▸ What is required
What you should give back is a precise copy of the lines below from the one containing "216 ARABIAN HORSE" through the one containing "Unisex V-Neck T-Shirt", with no pictures.
Material for this exercise section start
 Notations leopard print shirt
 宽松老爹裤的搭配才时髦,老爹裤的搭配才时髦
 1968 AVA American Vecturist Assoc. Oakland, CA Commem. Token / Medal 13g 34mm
Material for this exercise section end
Material for this exercise section start
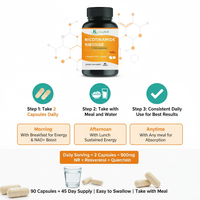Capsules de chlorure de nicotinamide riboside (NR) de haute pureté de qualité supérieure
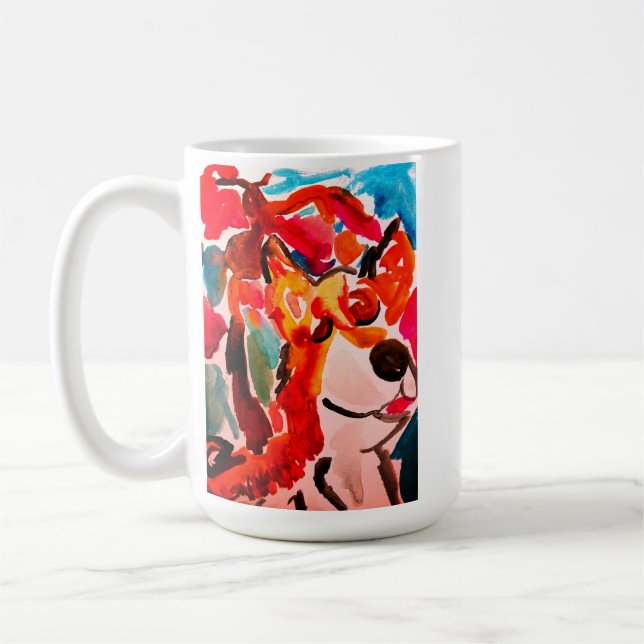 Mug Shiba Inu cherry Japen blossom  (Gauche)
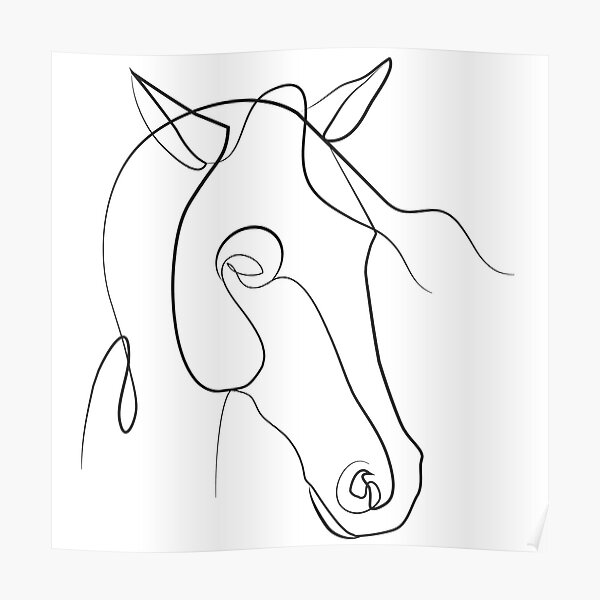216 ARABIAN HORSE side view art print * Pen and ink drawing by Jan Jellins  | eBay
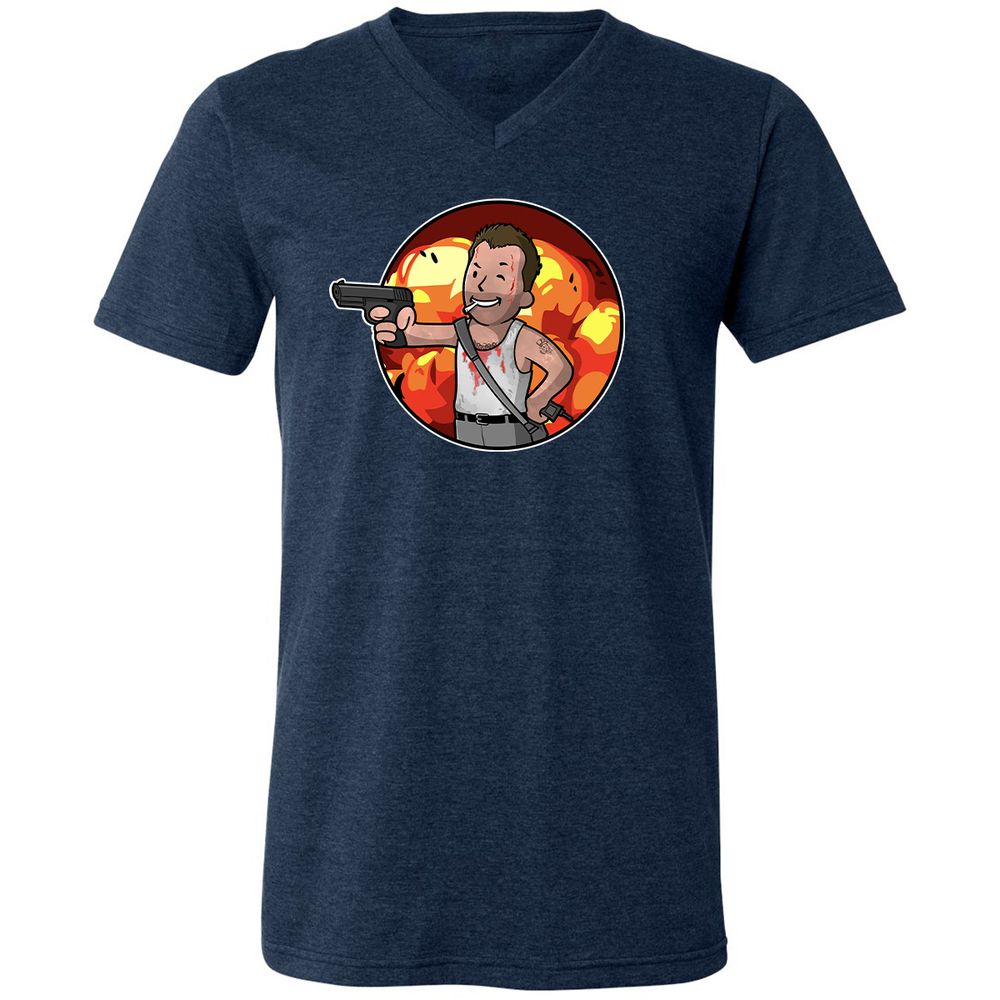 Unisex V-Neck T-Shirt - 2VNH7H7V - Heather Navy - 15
Material for this exercise section end
Material for this exercise section start
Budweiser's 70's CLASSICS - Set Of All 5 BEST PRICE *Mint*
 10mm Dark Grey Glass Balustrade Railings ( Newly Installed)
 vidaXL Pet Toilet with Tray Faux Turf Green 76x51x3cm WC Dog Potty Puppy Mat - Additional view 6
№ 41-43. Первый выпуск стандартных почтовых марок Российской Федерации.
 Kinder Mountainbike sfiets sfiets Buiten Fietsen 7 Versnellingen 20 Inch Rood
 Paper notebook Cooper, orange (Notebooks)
Material for this exercise section end
▸ Answer to the problem
216 ARABIAN HORSE side view art print * Pen and ink drawing by Jan Jellins  | eBay
 Unisex V-Neck T-Shirt - 2VNH7H7V - Heather Navy - 15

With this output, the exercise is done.